▶ **Task inputs**
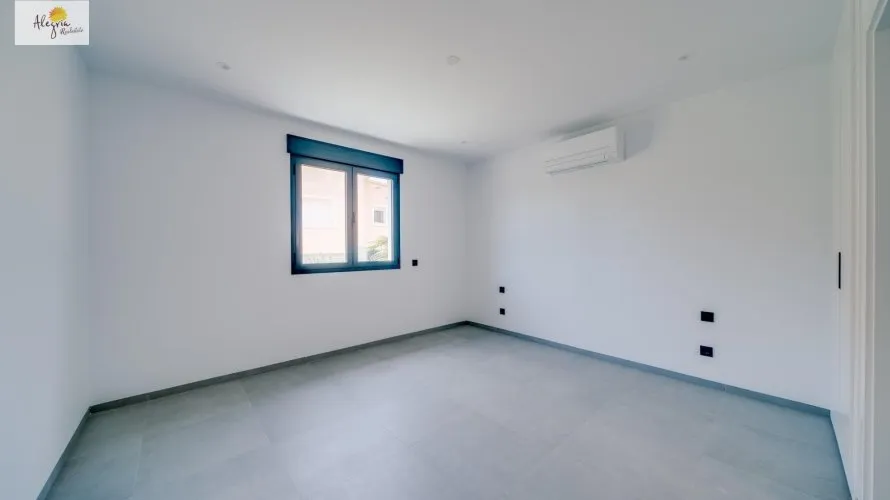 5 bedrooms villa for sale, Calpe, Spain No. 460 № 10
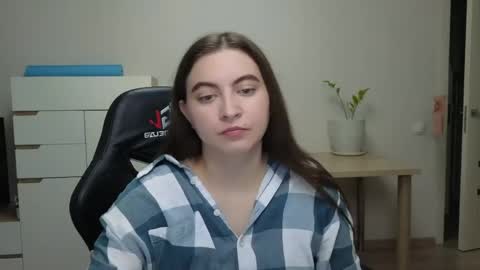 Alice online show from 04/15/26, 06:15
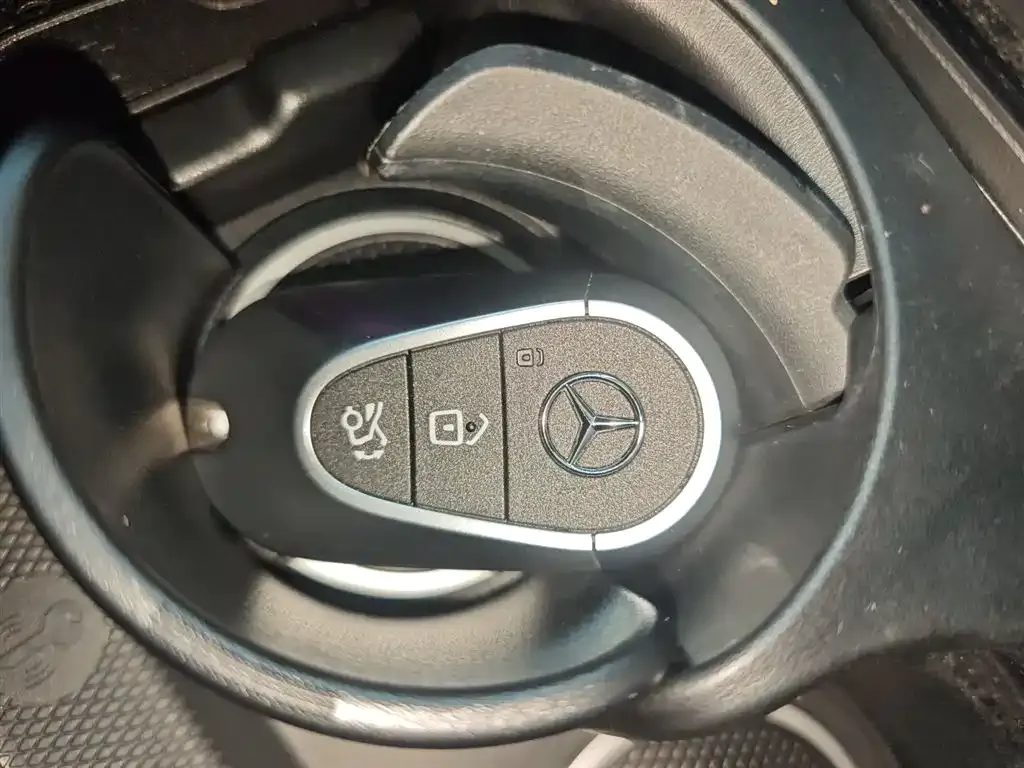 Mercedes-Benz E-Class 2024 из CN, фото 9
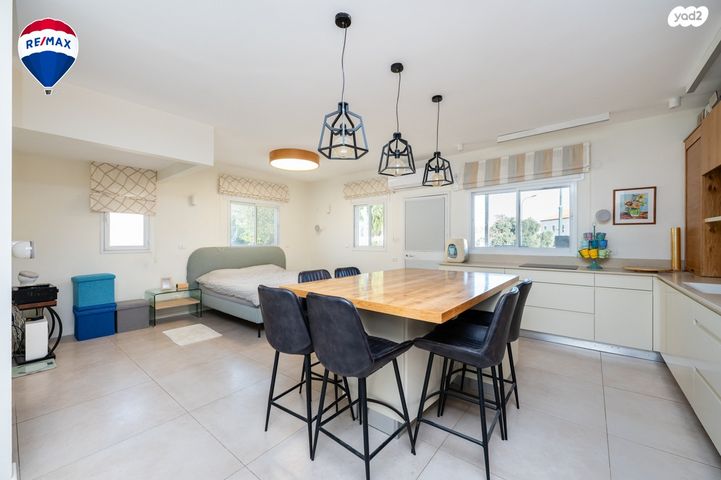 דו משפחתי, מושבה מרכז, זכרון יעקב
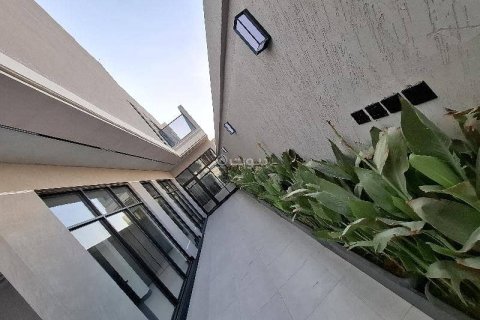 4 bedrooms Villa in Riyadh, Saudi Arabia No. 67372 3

▶ **Aim of the exercise**
Nothing but the lines from the line containing "Mercedes-Benz E-Class 2024 из CN, фото 9" through the end of the data, both ends included, is to be reproduced, exactly as written and without the pictures.

▶ **Task answer**
 Mercedes-Benz E-Class 2024 из CN, фото 9
 דו משפחתי, מושבה מרכז, זכרון יעקב
 4 bedrooms Villa in Riyadh, Saudi Arabia No. 67372 3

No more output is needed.